Oct 1, 2007

Thinking About Hyundai

I have to say I'm really digging the new Hyundai campaign via San Francisco-based Goodby, Silverstein (can't assume everyone reading this is a creative anymore).

There are the TV spots above, the very nicely done website, and smart print ads with lines like “Shouldn’t a car have more air bags than cupholders?” and "Are car companies committed to quality, or to the phrase ‘committed to quality’?”

And while I really like the campaign on its own merits, it also gets Toad's Right Ads @ The Right Time Award.

Let me explain: 5 years ago, this campaign would have been laughable. Hyundais were crappy cars made in Korea and no one could pronounce the name of the company (and as Bill "Make The Logo Bigger" Green and JetPacks have pointed out, the logo sucks.)

But lately I've been hearing a lot of positive buzz about Hyundai. And I'm by no means a car guy. Various auto publications have liked Hyundai's cars better than the more expensive Japanese imports. Plus I'm definitely starting to see more of them-- the Santa Fe SUV in particular-- on the leafy, sun-dappled streets of my upscale burb.

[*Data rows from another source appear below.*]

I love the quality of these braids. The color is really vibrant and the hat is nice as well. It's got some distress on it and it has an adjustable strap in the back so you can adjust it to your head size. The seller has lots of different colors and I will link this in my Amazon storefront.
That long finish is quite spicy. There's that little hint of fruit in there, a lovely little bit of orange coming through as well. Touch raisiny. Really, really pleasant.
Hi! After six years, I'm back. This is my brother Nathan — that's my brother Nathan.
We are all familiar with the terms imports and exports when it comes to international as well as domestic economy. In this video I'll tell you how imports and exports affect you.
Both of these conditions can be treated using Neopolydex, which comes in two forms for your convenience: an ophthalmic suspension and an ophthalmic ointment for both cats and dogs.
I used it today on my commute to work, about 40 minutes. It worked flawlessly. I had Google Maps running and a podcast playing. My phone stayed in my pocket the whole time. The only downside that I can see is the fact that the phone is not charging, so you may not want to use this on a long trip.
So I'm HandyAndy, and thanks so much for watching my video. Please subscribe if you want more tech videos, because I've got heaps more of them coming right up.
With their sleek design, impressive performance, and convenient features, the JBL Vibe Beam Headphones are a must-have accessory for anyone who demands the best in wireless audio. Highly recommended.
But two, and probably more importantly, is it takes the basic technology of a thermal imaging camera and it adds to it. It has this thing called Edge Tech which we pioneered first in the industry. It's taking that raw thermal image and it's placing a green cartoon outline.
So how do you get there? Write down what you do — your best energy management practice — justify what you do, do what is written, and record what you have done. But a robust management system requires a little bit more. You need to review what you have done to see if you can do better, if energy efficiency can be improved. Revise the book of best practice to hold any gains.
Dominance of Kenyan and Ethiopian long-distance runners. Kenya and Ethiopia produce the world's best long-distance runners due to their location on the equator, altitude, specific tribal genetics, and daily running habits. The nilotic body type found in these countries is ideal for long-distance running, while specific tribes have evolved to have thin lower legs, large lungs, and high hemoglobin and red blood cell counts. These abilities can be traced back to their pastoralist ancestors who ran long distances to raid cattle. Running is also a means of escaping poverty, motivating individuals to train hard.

Given all the positive buzz, the time seems perfect for a campaign like this, a campaign designed to move Hyundai into the space Volvo used to own (before they decided to try and become the Swedish Mercedes) and that Subaru kind of owns: the smart, safe car for people who could spend a lot of money on a car but choose not to. An anti-status symbol of sorts.

This is a perfect case study of how advertising can help build on buzz, rather than the other way around. Because the buzz here is authentic, e.g. the only thing Hyundai did to create it was to make better cars. And so the advertising can reinforce the buzz because it's based on truth, not smoke and mirrors.

Advertising. It's not rocket science ;)

(Side note: speaking of cars on the leafy, sun dappled streets of my upscale burb, I've noticed a dramatic increase lately in the number of Range Rovers. My suspicion is that this is largely due to the fact that Range Rover is the only luxury car brand that doesn't also have an undistinguised $28K model (yes, I know, but it's called a Land Rover, not a Range Rover.) That, and the Range Rover has a very noticeable shape which immediately lets people know you're the sort of person who can spend $80K on a car.)